EXERCISE GOAL. Return each line of the data below exactly, omitting any pictures.

AVAILABLE DATA.
=== Begin Enclosure ===
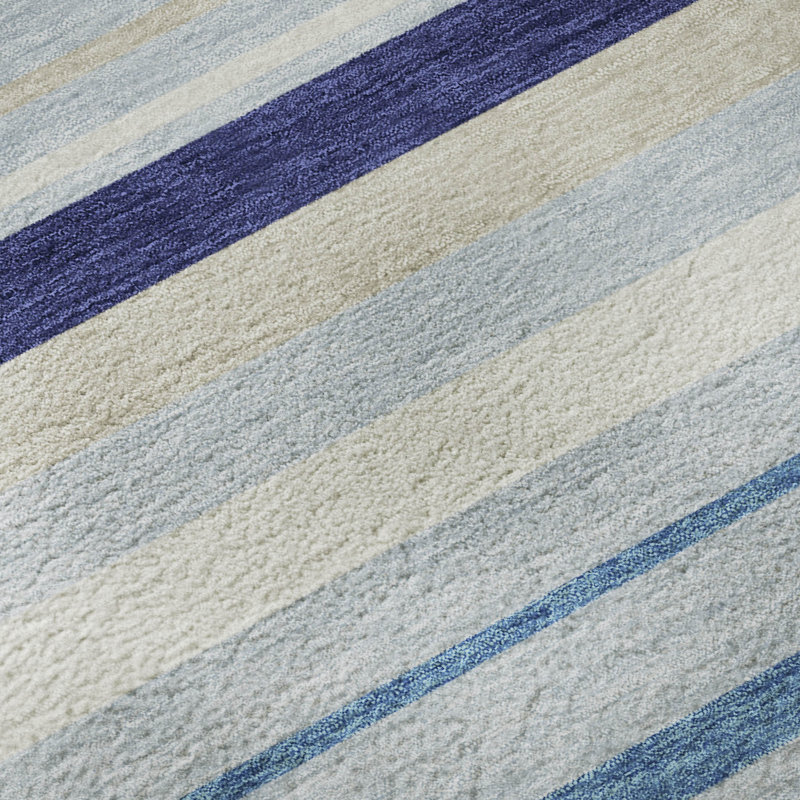 Tapis bleu Prisco lavable à la machine de qualité supérieure, Rectangulaire 3 pi x 5 pi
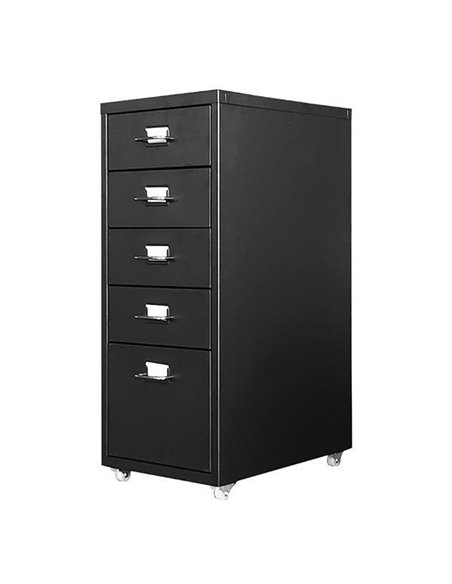 Συρταριέρα μεταλλική Nextdeco τροχήλατη μαύρη Υ69x28x41εκ.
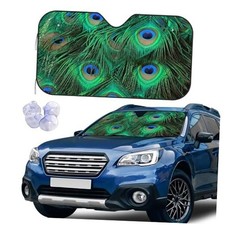 Windshield Sun Shade Car Front Window Shades for Small Peacock Feather Texture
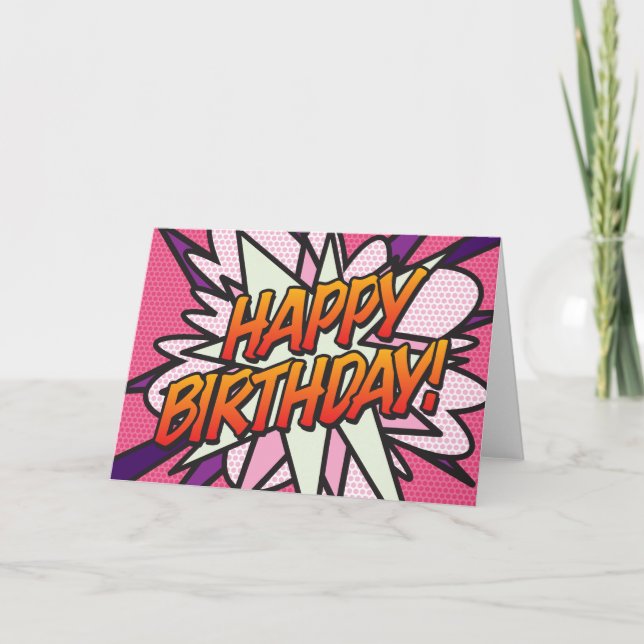 Carte BONJOUR D'ANNIVERSAIRE BD Pop Art Rose (Devant)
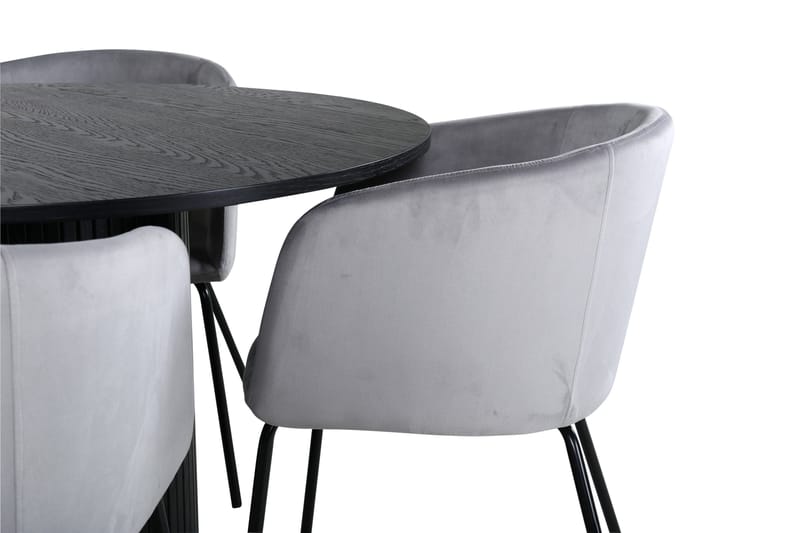 Bianca Matgrupp 110 cm Rund med 4 Berit stolar - Svart - Products - Möbler - Bord & matgrupp - Matgrupp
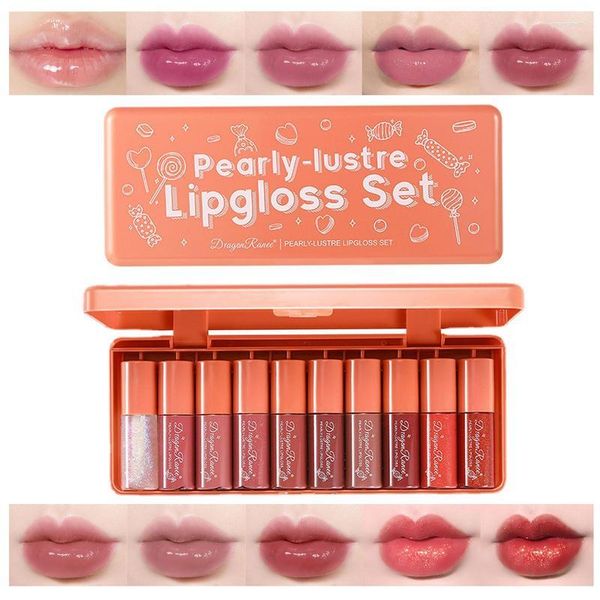 Amostras de brilho labial | LOFT 3.5G GLAZE ORANGEM 10 PCS Small Lipstick Conjunto Crystal Jelly PR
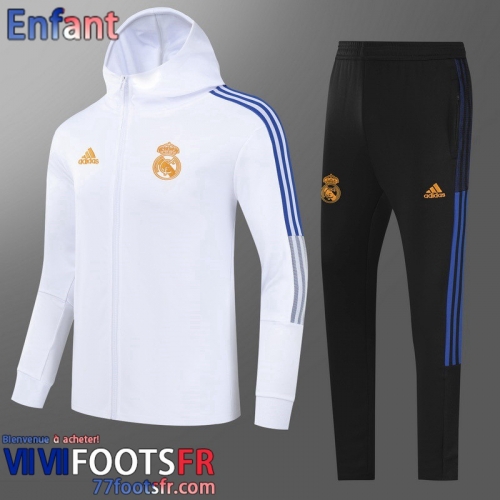 Veste Foot - Sweat A Capuche Real Madrid blanche Enfant 2021 2022 TK238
=== End Enclosure ===
YOUR SOLUTION.
 Tapis bleu Prisco lavable à la machine de qualité supérieure, Rectangulaire 3 pi x 5 pi
 Συρταριέρα μεταλλική Nextdeco τροχήλατη μαύρη Υ69x28x41εκ.
 Windshield Sun Shade Car Front Window Shades for Small Peacock Feather Texture
 Carte BONJOUR D'ANNIVERSAIRE BD Pop Art Rose (Devant)
 Bianca Matgrupp 110 cm Rund med 4 Berit stolar - Svart - Products - Möbler - Bord & matgrupp - Matgrupp
 Amostras de brilho labial | LOFT 3.5G GLAZE ORANGEM 10 PCS Small Lipstick Conjunto Crystal Jelly PR
 Veste Foot - Sweat A Capuche Real Madrid blanche Enfant 2021 2022 TK238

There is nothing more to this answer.